While I can't speak about the fate of WHSR Winchester (which admittedly does look like WUMB shivved WHSR in the back) I can say that the involvement of WUMB and WAVM is not as one-sided as you think. WUMB tried for years to work with WAVM to expand WAVM's signal b/c WUMB has long worried about the "hole" in the Lexington area (that would definitely affect WUMB's 91.9 signal) that a religious satellator ultimately tried to exploit. After years of WAVM rebuffing any and all contact, WUMB finally took action on their own because of the pending satellator application.

Suddenly WUMB looked like the heavy because their application bumped WAVM off the air. Well hell, what did WAVM expect? It's not like they hadn't been warned for years that being a Class D is no way to keep your license safe! Why do you think WMFO sacrificed half their broadcast range to go with that goofy Goldfish-cracker pattern to make a Class A? Because they would've long since been bumped off the air if they hadn't. I give WUMB a lot of credit for being responsive to community feedback and agreeing to a joint venture with WAVM when they didn't have to.

Oyeah, and I know this won't make me any friends here...but regardless of who started, staffs or pays for WUML...the license belongs to the college and they can do whatever they damn well want with it. Instead of railing against that, in my experience it's behooved student managements to try and set up a framework whereby the college administration doesn't WANT to replace the students. WUML has, instead, chosen to go the exact opposite route.
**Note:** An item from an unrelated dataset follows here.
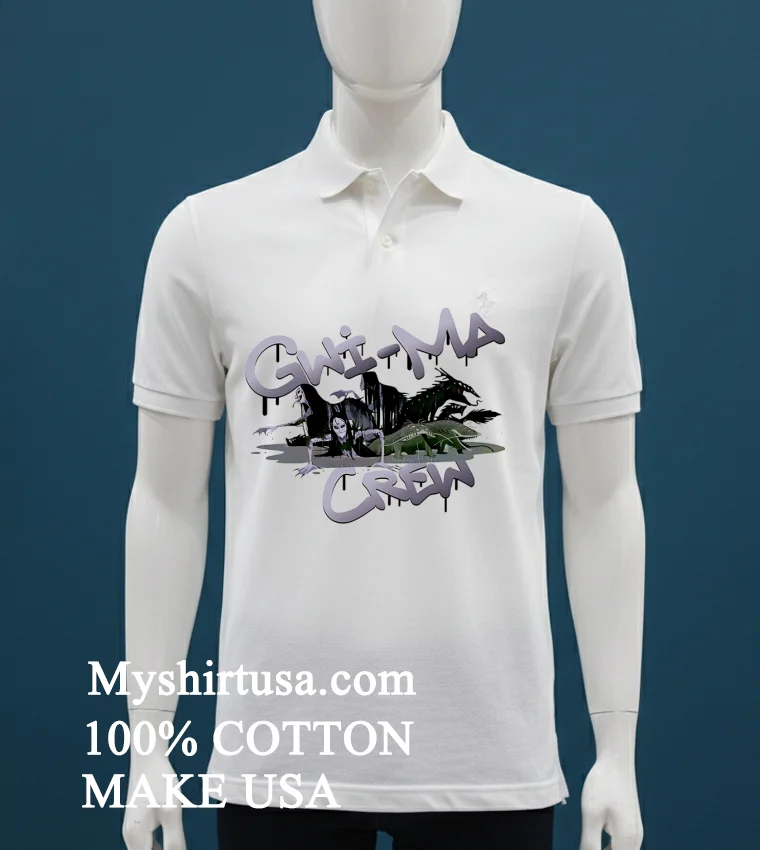 Gwi Ma Crew Spooky Creatures Graffiti Font Shirt - white-t-shirt Gwi Ma Crew Spooky Creatures Graffiti Font Shirt White T Shirt 1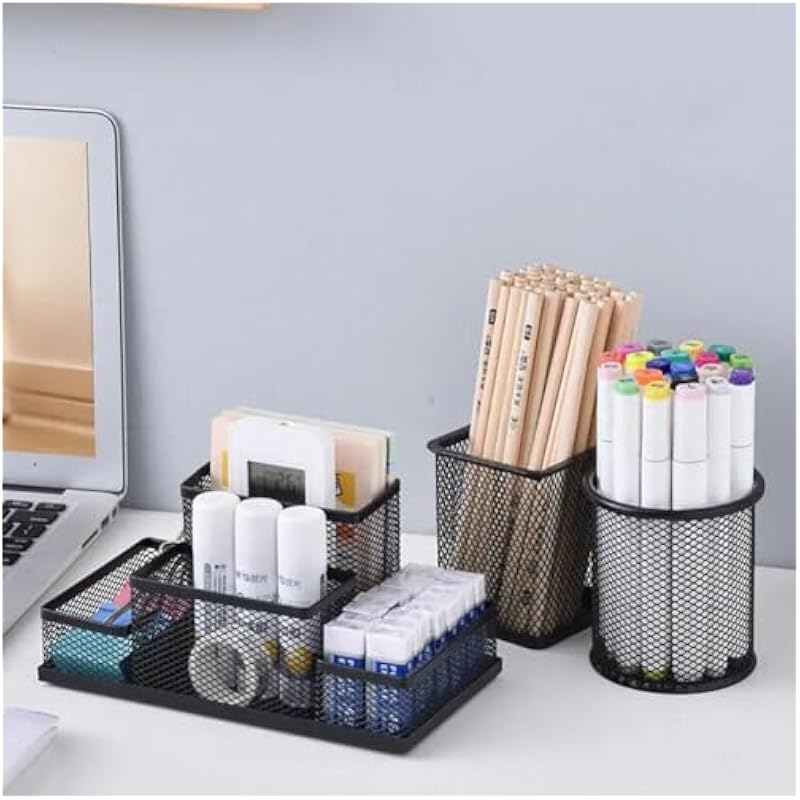 UCRAVO 1pcs Mesh Pen Pencil Holder with Post It Note Holders Desk Organizer, 4 Compartment Wire Desktop Pen Pencil Cup O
So far, admittedly, WUML has "won" three of four big fights (Lowell Sun is no longer involved, Open Source will go away, and Spinners baseball coverage never happened) but I suspect that all that's happened is that Lou DiNatale and the UMass Lowell administration have decided that a "compromise" solution is not viable. That means they'll either give up entirely and leave WUML alone, or they'll sell the license to someone else entirely and boot out all the students. I call it even money.
 
webcastboy said:
Also, let's get the terminology right. WNEF is not a translator, nor was it new... AFAIK, WUMB does not own any translators at all. They have Class A FM's in Boston (WUMB), Worcester (WBPR), Falmouth (WFPB-FM) and Newburyport (WNEF). They also have a Class D daytime-only AM in Orleans (WFPB-AM).
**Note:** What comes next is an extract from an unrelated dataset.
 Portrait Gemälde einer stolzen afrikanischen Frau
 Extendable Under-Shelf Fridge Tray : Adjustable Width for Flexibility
True, they are all Class A FM'S (and a Class D AM), not technically translators or repeaters by definition of their licenses, but they are essentially serving the same purpose as translators (or repeaters), which is to extend the reach of their parent station (WUMB) signal into an area that it doesn't cover without generating any local programming of their own.

webcastboy said:
Suddenly WUMB looked like the heavy because their application bumped WAVM off the air. Well hell, what did WAVM expect? It's not like they hadn't been warned for years that being a Class D is no way to keep your license safe! Why do you think WMFO sacrificed half their broadcast range to go with that goofy Goldfish-cracker pattern to make a Class A? Because they would've long since been bumped off the air if they hadn't.
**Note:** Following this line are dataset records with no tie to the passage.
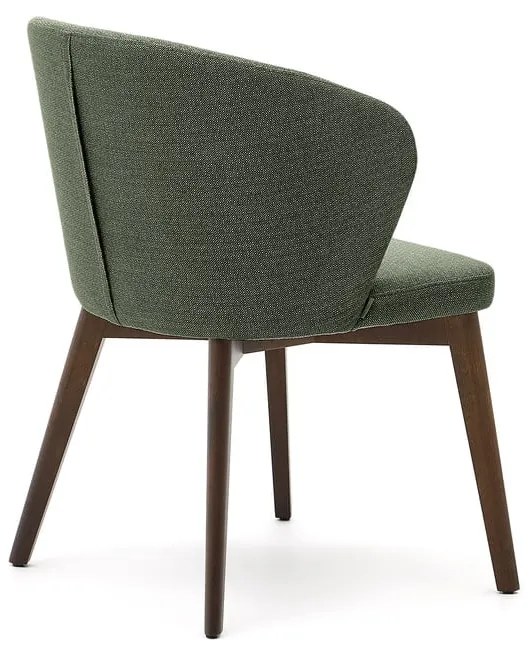 Ciemnozielony tapicerowany fotel jadalniany Darice – Kave Home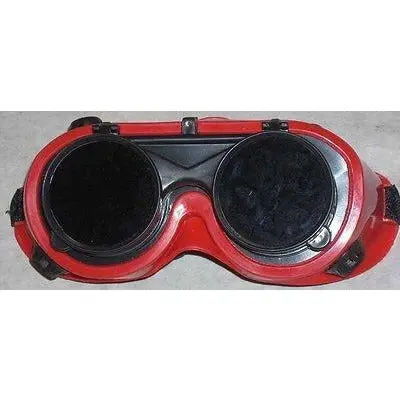Red Welding Safety Goggles With 50Mm Round Flip-Up Lens – Shade 5 Protection 1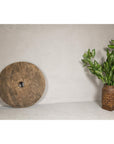 Large Ancient Cart Wheel with Rustic Character and Time-Worn Appearance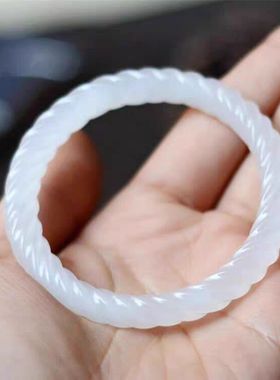 天然昆仑玉圆条手镯麻花纽丝玉镯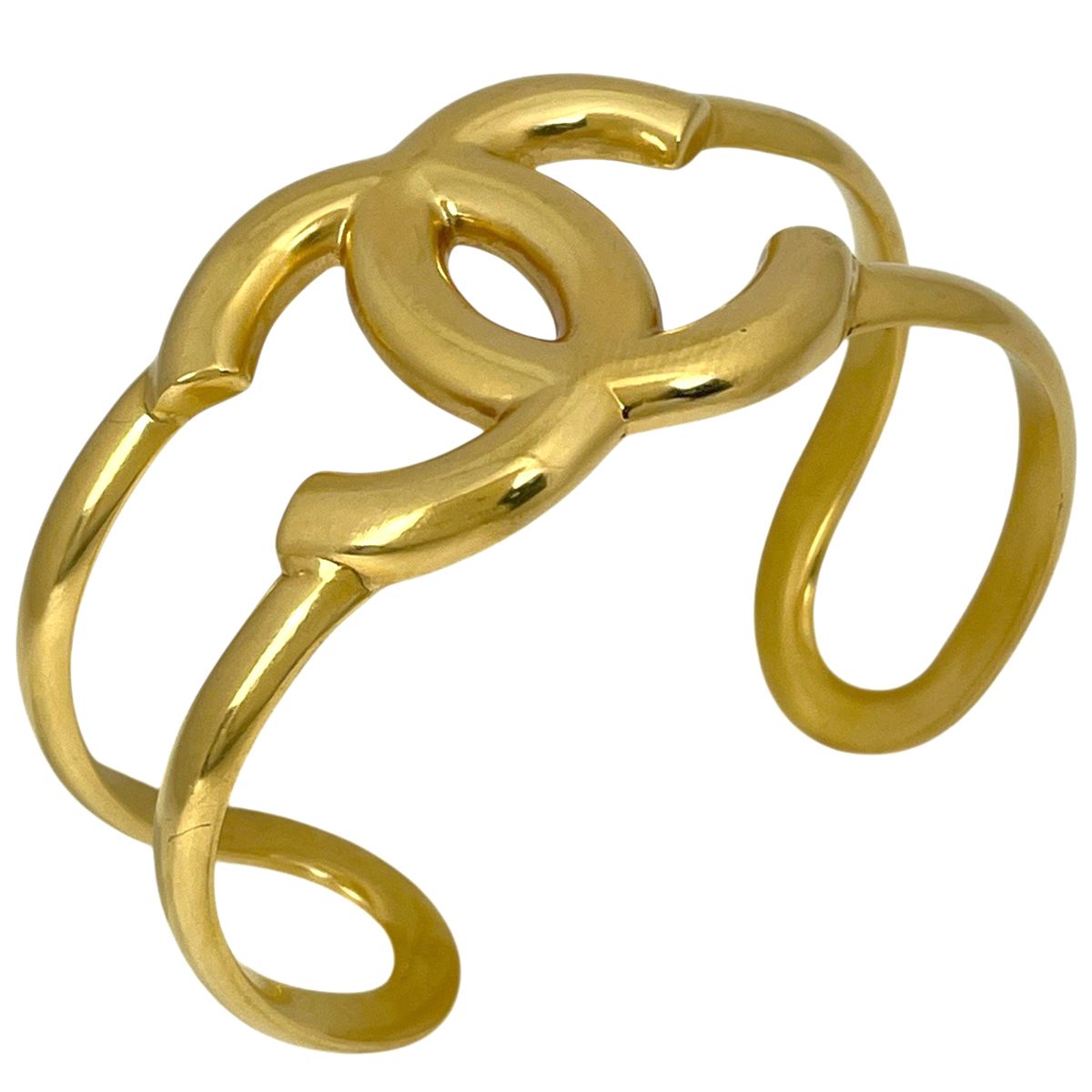 Chanel CC Logo Bangle Gold Plated Bracelet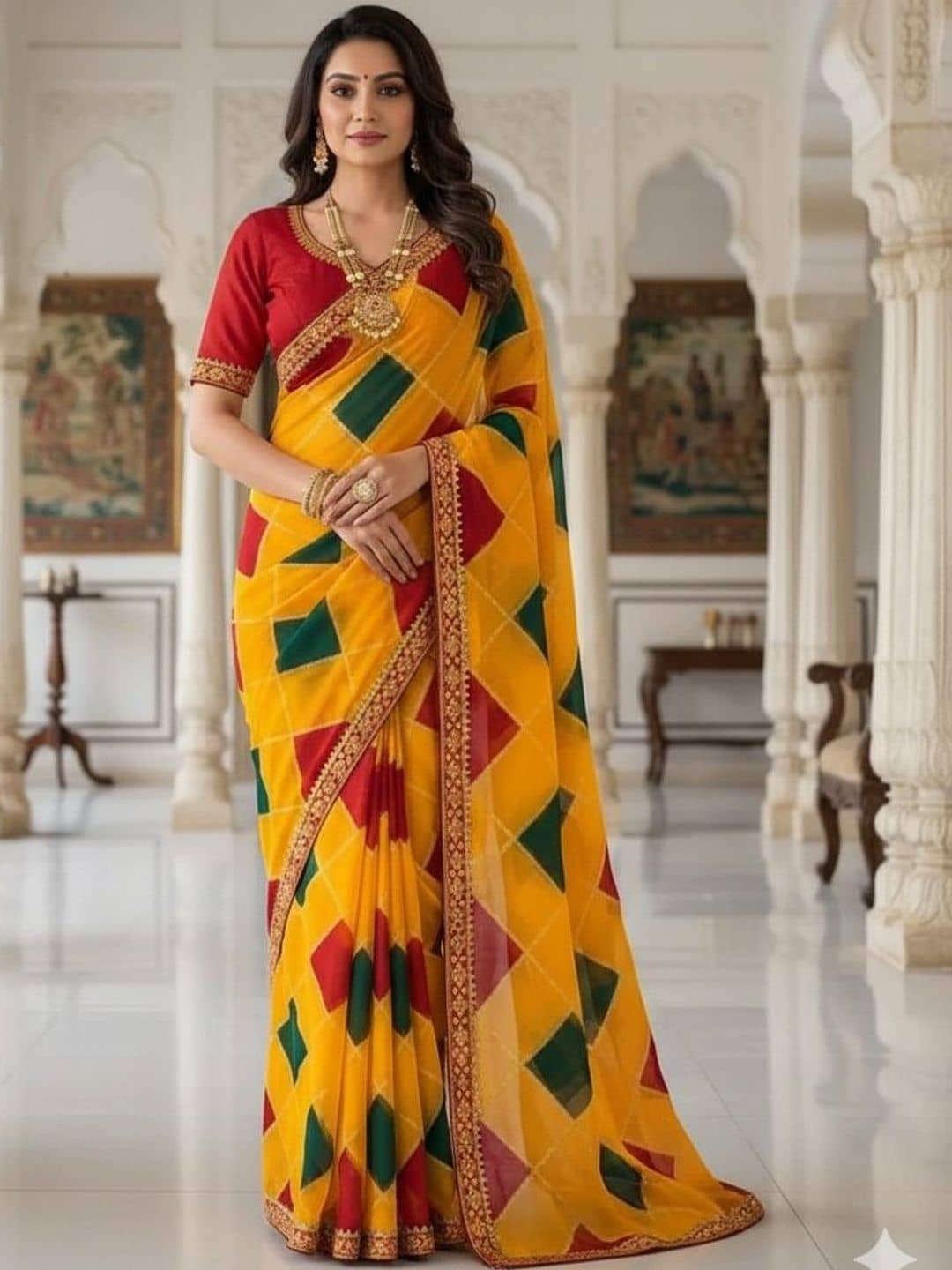 Vkaran Georgette Printed Regular Saree With Unstitched Blouse Piece ( Yellow ) - Sarees | Buy online on ZillyBuy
I understand that WAVM was aware of that on some level, and periodically had tried to form Class A applications (intending to fight WUMB's former application), and as I remember, I believe it would have been for 200 watts. For whatever internal reasons, it appears they didn't have their act together and may not have ever followed through on their own with a proper application, though I'm not sure about that.

As for WMFO, someone back there 25 years ago knew that they had to go Class A to survive and they did it, but the radical directional pattern which resulted in less ERP over half their area than they previously had as an omnidirectional Class D was the only way they could do it given the other stations in the area. For the most part, people I knew there at the time had no idea what hit them. They were so excited about going from, on paper, 18 watts mono to 125 watts stereo, that they had no idea why their listeners in the suburbs to their west could no longer hear them, and that their 125 watts was being beamed due east over the Mystic River and out to sea. There have since been opportunities over the years where they could have applied to modify that pattern somewhat, but I hear that those got nowhere at least partly due to poor communication on both parts between the station and the University, their licensee.

webcastboy said:
I give WUMB a lot of credit for being responsive to community feedback and agreeing to a joint venture with WAVM when they didn't have to.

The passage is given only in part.